Extrait du chapitre cinquième (5) de Candide - Voltaire



Annonce des axes

I. Le thème du désordre
1. Le bouleversement de la nature
2. Le bouleversement des valeurs

II. La parole inutile
1. Les interventions de Pangloss
2. Les interventions de Candide
3. Les interventions du matelot



Commentaire littéraire

I. Le thème du désordre

     La notion de désordre apparaît dans le texte à travers les images du bouleversement qui entraîne de véritables anomalies sur le plan de la nature et sur celui du comportement des êtres humains.

1. Le bouleversement de la nature

     Les éléments naturels ne sont pas dans leur situation habituelle : plus de stabilité de la terre ("la terre tremble "), élévation du niveau de la mer ("la mer s'élève") qui relève du raz-de-marée ; aspect et mouvement inhabituels dans un port, avec des conséquences elles-mêmes inhabituelles pour les navires ("en bouillonnant", "brise"). Les précisions comme "dans le port" et "qui sont à l'ancre" soulignent l'aspect hors normes du phénomène. Le bouleversement est également souligné par l'insistance sur d'autres phénomènes insolites et inexplicables (le feu et la cendre) et sur la destruction aveugle qui met tout sens dessus dessous. Le récit met en relief ce renversement des éléments par des rapprochements imagés ("les toits sont renversés sur les fondements"). L'insistance sur la totalité ("de tout âge et de tout sexe ") apporte une image de chaos : tous sont atteints sans qu'il y ait espoir de comprendre ce qui se passe. La vision qui se dessine est celle d'une apocalypse qui perturbe, fausse et détruit toutes les données habituelles du monde : ce qui tenait debout est abattu, ce qui vivait est détruit, ce qui était calme et en paix est déstabilisé. Mais cette déstabilisation est aussi morale.

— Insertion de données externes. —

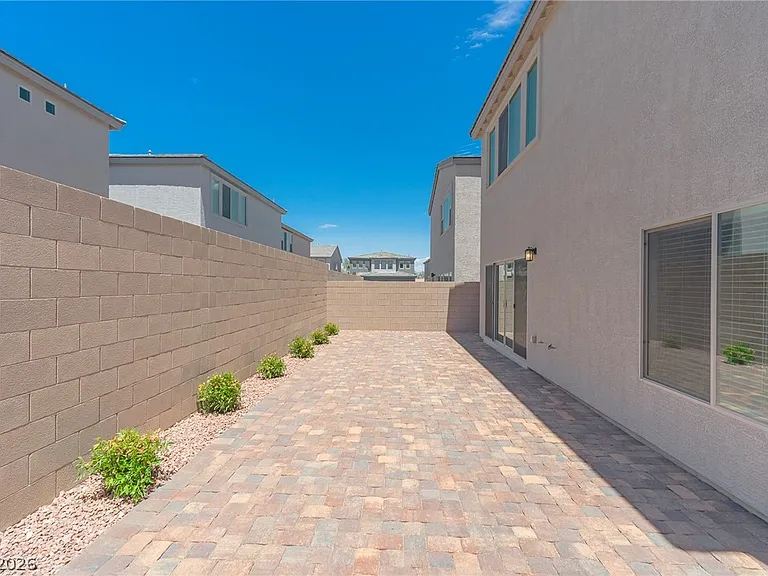 5749 Tioga Way — Photo 28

2. Le bouleversement des valeurs

     Il est illustré par le comportement opportuniste du matelot, image de l'homme profiteur, égoïste et corrompu. Son attitude est révélée par les paroles rapportées au style direct (« Il y aura quelque chose à gagner ici...) soulignant des agissements qui poussent à tirer parti des situations dans lesquelles les autres sont affaiblis et incapables de réagir. On peut souligner la mise en relief de l'égoïsme et de l'intérêt (la seule activité du matelot consiste d'abord à trouver de l'argent "affronte la mort pour trouver de l'argent"), et du seul souci de satisfaire instincts et désirs (ivresse, sexualité). Le rapprochement constant qu'établit Voltaire entre les actions du matelot et le contexte environnant souligne particulièrement la relation établie entre les deux types de bouleversement : on le perçoit à l'insistance sur le lieu : "quelque chose à gagner ici", "au milieu des débris", "sur les ruines des maisons détruites", "au milieu des mourants et des morts". Ce rapprochement fait ressentir ce comportement comme encore plus immoral étant donné son inadaptation à la situation. La manière dont le personnage répond à Pangloss - avec une désinvolture et une indifférence totales - insiste sur le peu de cas qu'il fait de l'événement lui-même, indépendamment du profit qu'il peut en tirer.
     Candide se trouve ainsi, une fois encore, confronté à une situation qui ne reflète aucunement les théories de son maître Pangloss. Comme cela se passe habituellement, il cherche à comprendre et interroge celui-ci. Dans le cas de l'épisode de Lisbonne, le dialogue fait apparaître à quel point la théorie de l'optimisme du philosophe Pangloss est éloignée de la réalité des choses.


II. La parole inutile

     Chacun des personnages est conduit à prendre la parole et chaque intervention montre que les mots sont inadaptés et que les personnages ne s'écoutent pas.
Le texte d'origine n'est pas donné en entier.